PyPI Changelog Tests License

Scan for secrets in files you plan to share

Installation

Install this tool using pip:

pip install scan-for-secrets

Or uv:

uv tool install scan-for-secrets

Or use without installing via uvx:

uvx scan-for-secrets --help

Usage

This tool helps scan all of the text files in a directory (ignoring binary files) to see if they include specified secret strings. For example, run this if you want to publish the logs from a coding agent session after first confirming no secrets from environment variables are exposed in those logs.
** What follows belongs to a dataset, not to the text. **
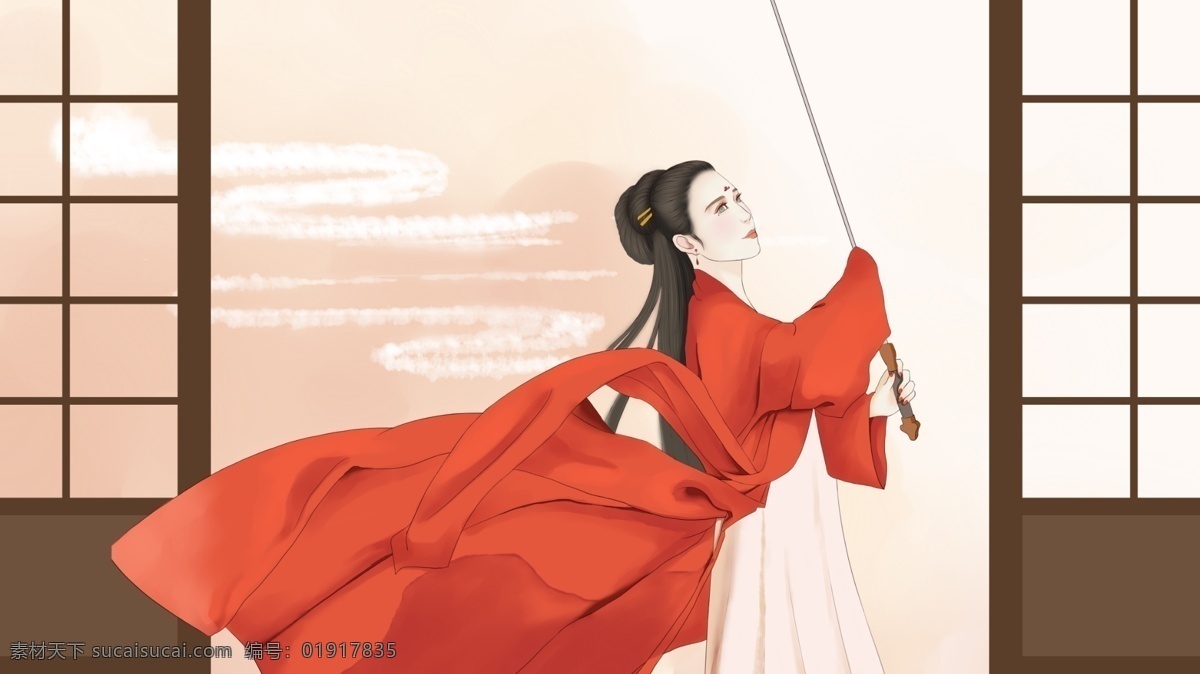 中国 水墨画 红衣 女子 中国风 插画 壁纸 唯美 古风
Basic usage looks like this:

scan-for-secrets $OPENAI_API_KEY $ANTHROPIC_API_KEY

This will scan text files in the current folder and all sub-folders looking for the values that were passed as positional arguments, including common escaping schemes that might mean a direct string match misses them.

To scan for a secret that can be accessed using another command, use $(command) syntax:

scan-for-secrets "$(llm keys get openai)"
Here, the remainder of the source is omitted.